The most complicated Chinese character food chain in New York

by hexacoto

Image credits to Wikipedia

Ladies and gentlemen, meet the most complicated Chinese character, Biáng. With 57 strokes, it is used in the name of a dish from Shaanxi, the Biang Biang Noodle (Biáng.svgBiáng.svg面). Note how even copy-pasting the character from Wikipedia results in the character’s inability to be displayed normally alongside the noodle character. Also, this word is not standard Chinese, so typing it into Google translate will not yield anything, nor can the online keyboard from Google yield this character. Speculations of the origins of the word include that it is the sound people make when munching on the noodles, or that it is the sound the dough makes when the chef pulls the dough and slaps it against the table. Some concluded that it was merely made up by a noodle store.

For anyone wondering “Where do I even begin to write this character??” here’s a nifty video (below) to help you out.

However, I’m not just here to talk about the “biang” character. I’m here to talk about Biang making its ways onto the shores of New York. There has been a Xi’an Chinese food chain, called “Xi’an Famous Foods,” that’s been popping around New York. They’re known for being cheap, with good portions, and offering the rarely-seen Xi’an cuisine, which often includes meat skewers, cumin lamb buns, and of course, biang biang noodles.

Most Xi’an Famous Foods chains are hole-in-the-wall kind of establishments, with nothing to write home about for its decor, ambience, or any of the other bourgeois things people talk about when assessing eateries; Xi’an Famous Foods is a no-nonsense, eat-yer-food-and-get-out kind of place.
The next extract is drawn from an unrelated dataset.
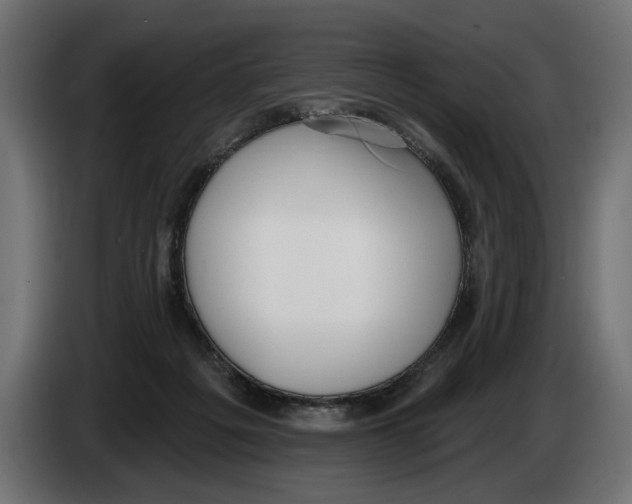 X0000083070217200703022204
So when that chain introduced Biang!, their upscale version of their chain restaurants (replete with a spiffy website!), serving the exact same menu, one wonders what is the point. Even more important, one wonders if they would jack up the prices, given that Biang! features mood lighting, air-conditioning, nice brick walls and made itself the kind of place you would potentially bring your date to. Well it seems that Biang! does have some slight variation in their menu, offering some food items not usually available from the laminated pictures of the food stuck onto the walls of its lesser chains, so were one so moved to go all the way to Flushing (about 40 minutes from Manhattan), one should go just for a taste of Xi’an, if not to just take a picture of the signboard with the most complicated Chinese character in existence.